*** Opening Dataset extract ***

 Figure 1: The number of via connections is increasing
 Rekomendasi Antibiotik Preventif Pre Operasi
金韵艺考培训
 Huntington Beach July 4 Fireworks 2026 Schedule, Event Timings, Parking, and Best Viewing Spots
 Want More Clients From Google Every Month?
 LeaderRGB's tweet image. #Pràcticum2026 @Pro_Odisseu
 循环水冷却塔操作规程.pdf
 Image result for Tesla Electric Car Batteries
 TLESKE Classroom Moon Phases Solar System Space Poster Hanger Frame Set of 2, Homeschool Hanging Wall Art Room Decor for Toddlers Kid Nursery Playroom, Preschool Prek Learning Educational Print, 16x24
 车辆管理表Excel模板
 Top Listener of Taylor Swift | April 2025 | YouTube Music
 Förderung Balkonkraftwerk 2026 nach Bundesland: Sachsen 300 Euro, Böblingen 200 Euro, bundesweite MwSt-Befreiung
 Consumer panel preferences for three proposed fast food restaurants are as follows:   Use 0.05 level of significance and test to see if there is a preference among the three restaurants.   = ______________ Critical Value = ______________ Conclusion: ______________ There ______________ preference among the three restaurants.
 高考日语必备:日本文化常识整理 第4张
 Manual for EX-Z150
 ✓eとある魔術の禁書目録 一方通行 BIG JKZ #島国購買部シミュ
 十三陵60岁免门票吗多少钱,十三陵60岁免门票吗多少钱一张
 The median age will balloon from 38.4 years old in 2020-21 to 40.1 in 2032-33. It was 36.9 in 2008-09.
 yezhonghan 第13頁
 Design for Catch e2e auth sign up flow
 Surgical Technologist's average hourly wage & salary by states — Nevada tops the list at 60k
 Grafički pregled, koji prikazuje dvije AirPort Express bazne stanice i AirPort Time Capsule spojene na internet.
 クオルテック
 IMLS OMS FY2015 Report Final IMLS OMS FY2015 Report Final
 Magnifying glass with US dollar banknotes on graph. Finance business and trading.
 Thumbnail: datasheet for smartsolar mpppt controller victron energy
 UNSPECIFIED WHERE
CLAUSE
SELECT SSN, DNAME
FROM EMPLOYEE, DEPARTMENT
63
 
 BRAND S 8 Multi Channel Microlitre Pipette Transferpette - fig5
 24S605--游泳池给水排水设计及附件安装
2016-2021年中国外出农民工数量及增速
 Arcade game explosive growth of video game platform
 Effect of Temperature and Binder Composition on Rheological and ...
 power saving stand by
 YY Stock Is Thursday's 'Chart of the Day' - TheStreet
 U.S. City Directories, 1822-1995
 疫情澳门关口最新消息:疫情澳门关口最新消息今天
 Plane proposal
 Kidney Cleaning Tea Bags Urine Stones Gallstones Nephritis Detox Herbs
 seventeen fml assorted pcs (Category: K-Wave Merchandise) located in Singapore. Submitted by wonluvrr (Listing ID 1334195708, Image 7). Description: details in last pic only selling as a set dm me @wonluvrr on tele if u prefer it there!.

*** Closing Dataset extract ***

▶ **Problem to work on**
Could you copy out every line in the material above that contains the string "there"?

▶ **Response**
 Consumer panel preferences for three proposed fast food restaurants are as follows:   Use 0.05 level of significance and test to see if there is a preference among the three restaurants.   = ______________ Critical Value = ______________ Conclusion: ______________ There ______________ preference among the three restaurants.
 seventeen fml assorted pcs (Category: K-Wave Merchandise) located in Singapore. Submitted by wonluvrr (Listing ID 1334195708, Image 7). Description: details in last pic only selling as a set dm me @wonluvrr on tele if u prefer it there!.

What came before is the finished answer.